Ukrainian President Petro Poroshenko (far left) talks with servicemen in the government-held town of Avdiyivka, Ukraine on Oct. 22. (Handout/Reuters)
Columnist

After months of internal debate, the Trump administration is stalled on the question of whether to provide Ukraine with the defensive weapons it has long asked for. The de facto result has been to continue the Obama administration's policy of denying Kiev what it needs to resist ongoing Russian aggression — and sharpen doubts about President Trump's willingness to stand up to Vladi­mir Putin.

National Security Council officials insist the administration is slowly but surely working through whether to provide Ukrainian security forces with the capability to respond to Russia's infiltration of tanks, artillery and other equipment into occupied parts of eastern Ukraine.

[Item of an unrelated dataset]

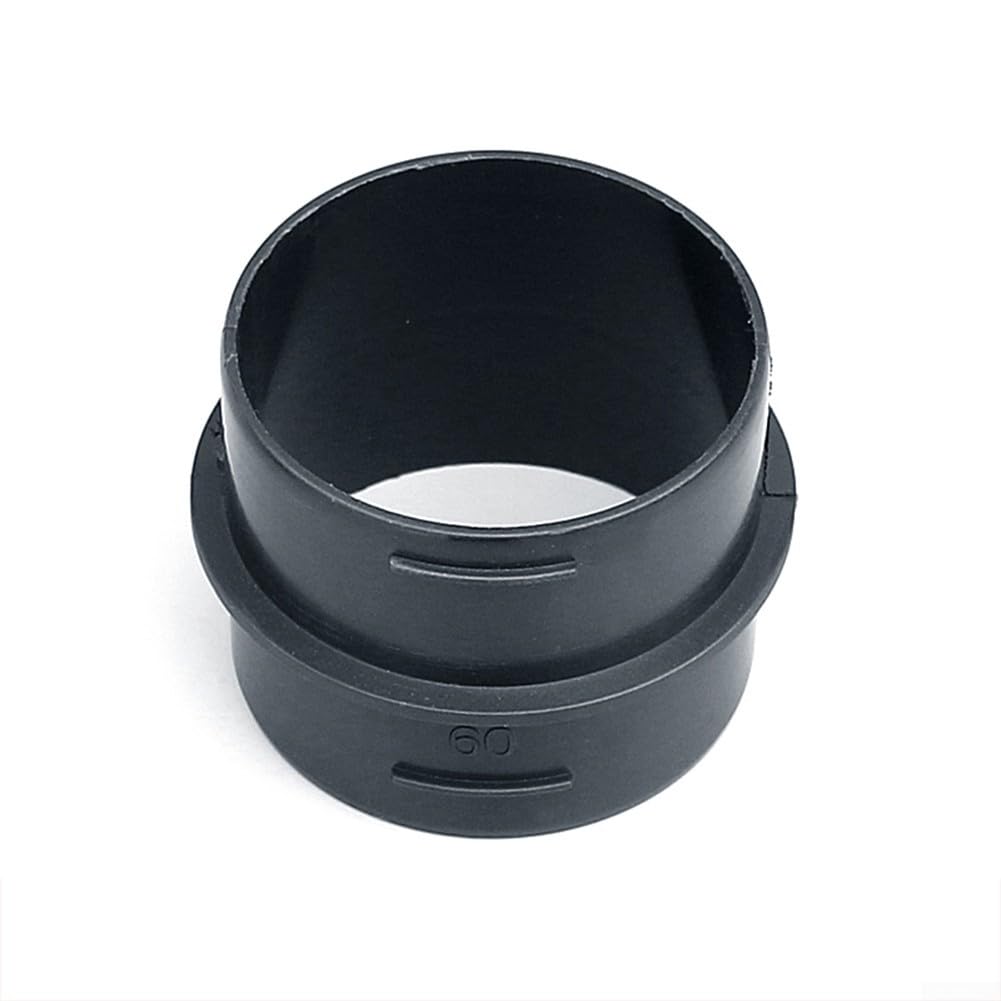 Yhenlovtt 221000010005 Connettore per condotto dell'aria da 60 mm, tubo di prolunga in plastica nera, compatibile con sistema di riscaldamento per auto Eberspacher-Webasto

A meeting of the council's principals committee, which includes Cabinet secretaries, was held on the issue several weeks ago. Now officials are formalizing a set of options to present to Trump, a senior security council official said.

Trump's pending decision will have implications far beyond the Donbass region. The Ukrainian government warns that even though fighting has recently tapered off there, Moscow is still working to change facts on the ground. But "this is not only about the weapons, this is about the political signal," said Artur Gerasymov, a leading Ukrainian member of parliament in President Petro Poroshenko's party.

"If the United States as leader of the free world will not help us stop this," Gerasymov said, "it is only a question of time who will be next."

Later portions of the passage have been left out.